Write out the records again, exactly. Nothing may be dropped.

(Stored data)

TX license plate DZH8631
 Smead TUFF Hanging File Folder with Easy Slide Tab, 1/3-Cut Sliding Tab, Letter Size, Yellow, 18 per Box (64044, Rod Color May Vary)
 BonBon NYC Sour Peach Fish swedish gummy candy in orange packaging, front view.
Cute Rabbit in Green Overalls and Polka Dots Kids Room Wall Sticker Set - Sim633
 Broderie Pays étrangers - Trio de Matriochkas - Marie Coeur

(End Stored data)

Expected answer.
TX license plate DZH8631
 Smead TUFF Hanging File Folder with Easy Slide Tab, 1/3-Cut Sliding Tab, Letter Size, Yellow, 18 per Box (64044, Rod Color May Vary)
 BonBon NYC Sour Peach Fish swedish gummy candy in orange packaging, front view.
Cute Rabbit in Green Overalls and Polka Dots Kids Room Wall Sticker Set - Sim633
 Broderie Pays étrangers - Trio de Matriochkas - Marie Coeur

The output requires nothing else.